For the Vanilla Lemon Sponge Cake Base

  • 1 cup granulated sugar
  • zest of 1 lemon, freshly grated
  • 2 cups cake flour
  • 1 1/4 teaspoons kosher salt
  • 1 teaspoon ground ginger
  • 1 cup (2 sticks) unsalted butter, at room temperature
  • 4 large eggs
  • 1 teaspoon vanilla extract
  • 1/3 cup sour cream
  • 2 teaspoons lemon juice

Equipment

  • A food processor
  • a 9 x 3-inch round cake pan or a 9-inch springform pan (see baker’s notes)

Instructions
 

For the Marzipan Crumble

  • Break 2.5 ounces marzipan into small pieces and place in the bowl of a food processor. Pulse a few times, before adding 1 tablespoon almond meal through the feed tube, pulsing to blend. Continue pulsing and add 1 tablespoon cold butter and 1 1/2 teaspoon granulated sugar. DO NOT PROCESS FOR MORE THAN A FEW SECONDS AT A TIME — stop pulsing when the crumble is in pea-sized clusters.

For the Rhubarb Topping

  • Prepare a 9 x 3-inch round cake pan by spraying generously with cooking spray. Line the bottom with a parchment paper circle, before spraying generously with cooking spray as well. Place the cake pan on a rimmed baking sheet and set aside.
  • In a medium bowl, toss together 1 1/2 pounds sliced rhubarb cubes and 2 teaspoons cornstarch until well combined. Set aside.
  • In a saucepan over medium heat, combine 1/4 cup light brown sugar and 2 tablespoons unsalted butter. Whisk constantly until the mixture is smooth and bubbling, about 2 minutes.
  • Once the butter has fully melted and the mixture is combined, remove from heat. Set aside to cool on a wire rack for 5 minutes or so, before pouring into the bottom of the prepared cake pan.
  • Spoon the rhubarb and its juices on top of the brown-sugar mixture in the cake pan. Use your fingers to sprinkle the marzipan crumble on top of the fruit and brown-sugar mixture. Set aside while you make the cake base.

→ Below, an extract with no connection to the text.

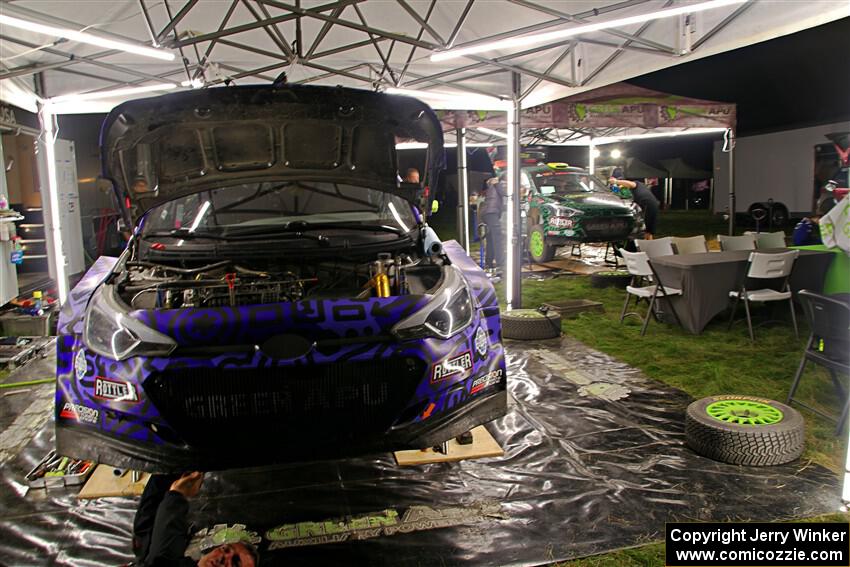 Patrick Gruszka / John Hall Hyundai i20 R5 and Alastair Scully / Stefan Trajkov Hyundai i20 R5 at Pioneer Farm after day two.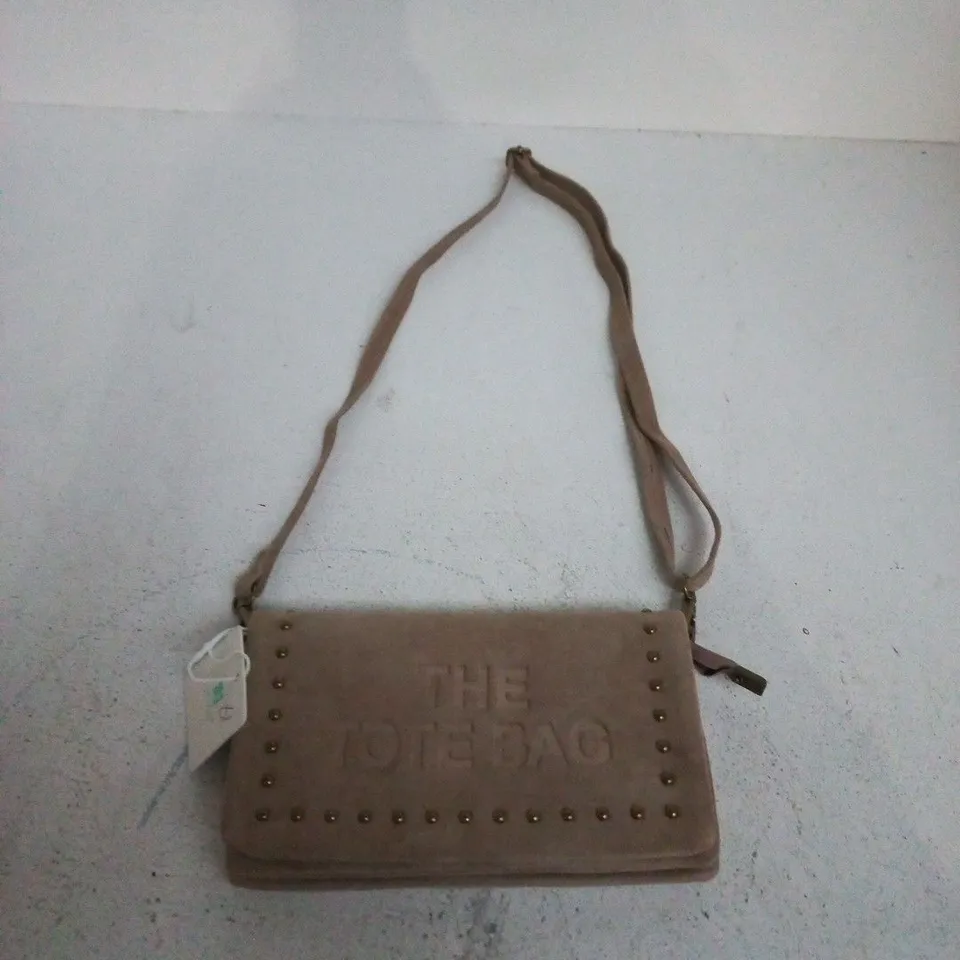 JAMIE HANDBAG WITH STUDDED DETAILING – TAN SHOULDER BAG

For the Vanilla Lemon Sponge Cake Base

  • Center a rack in the oven and preheat to 325 (F).
  • In a medium bowl, combine 1 cup granulated sugar and the zest from 1 freshly grated lemon. Use your fingers to rub the zest into the sugar — this will help release oils from the lemon zest and make the sugar aromatic. Set aside once the sugar starts to become fragrant.
  • In a medium bowl, whisk together 2 cups cake flour, 1 1/4 teaspoons kosher salt, and 1 teaspoon ground ginger until well combined. Set aside.
  • In the bowl of a freestanding electric mixer fitted with a paddle attachment, combine 1 cup granulated sugar and lemon zest (from the 1st step) and 1 cup unsalted butter. Beat on medium-high speed until the mixture is light and fluffy, at least 5 minutes, stopping to scrape down the bowl halfway through.
  • Once the mixture is light and fluffy, slow the mixer down to its lowest setting. Add 4 large eggs, one at a time, only adding the next egg after the previous one has been fully incorporated. Once all the eggs have been added, add 1 teaspoon vanilla extract and continue mixing until fully incorporated, before adding 1/3 cup sour cream and 2 teaspoons lemon juice. Continue mixing until fully incorporated, then stop the mixer and use a rubber spatula to scrape down the sides of the bowl.
  • Turn the mixer back to its lowest speed and add the flour mixture (from the 2nd step), 1/4 cup at a time, until just incorporated. It's okay to stop the mixer a little early if you have 1 or 2 flour streaks left, and finish the rest by hand using a rubber spatula.
  • Transfer the batter to the cake pan containing the brown sugar and rhubarb, spooning it over the fruit. Use an offset spatula to smooth out the top.
  • Transfer the baking sheet containing the cake pan to the preheated oven and bake for 1 hour and 15 minutes, or until the top of the cake bounces back when gently touched and a cake skewer inserted into the center of the cake comes out without any large, moist crumbs.
  • Place the pan on a wire rack and cool for 15 minutes. After 15 minutes, run a knife around the cake, place a plate on top of the pan, and turn it upside-down. Tap on the base of the cake pan until the cake releases onto the plate. Once the cake is on the plate, allow to cool on a wire rack. Serve while warm.